Abstract
Textbook Question Answering (TQA) is the task of answering diagram and
non-diagram questions given large multi-modal contexts consisting of
abundant text and diagrams. Deep text understandings and effective
learning of diagram semantics are important for this task due to its
specificity. In this paper, we propose a Weakly Supervised learning
method for TQA (WSTQ), which regards the incompletely accurate results
of essential intermediate procedures for this task as supervision to
develop Text Matching (TM) and Relation Detection (RD) tasks and then
employs the tasks to motivate itself to learn strong text comprehension
and excellent diagram semantics respectively. Specifically, we apply the
result of text retrieval to build positive as well as negative text
pairs.
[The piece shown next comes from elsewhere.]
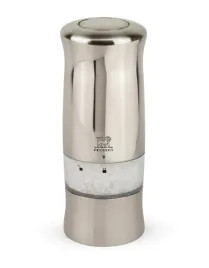 elektryczny-mlynek-do-soli-14-cm-zeli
In order to learn deep text understandings, we first pre-train
the text understanding module of WSTQ on TM and then fine-tune it on
TQA. We build positive as well as negative relation pairs by checking
whether there is any overlap between the items/regions detected from
diagrams using object detection. The RD task forces our method to learn
the relationships between regions, which are crucial to express the
diagram semantics. We train WSTQ on RD and TQA simultaneously,
\emph{i.e.}, multitask learning, to obtain effective
diagram semantics and then improve the TQA performance. Extensive
experiments are carried out on CK12-QA and AI2D to verify the
effectiveness of WSTQ. Experimental results show that our method
achieves significant accuracy improvements of $5.02\%$
and $4.12\%$ on test splits of the above datasets
respectively than the current state-of-the-art baseline. We have
released our code on
\url{https://github.com/dr-majie/WSTQ}.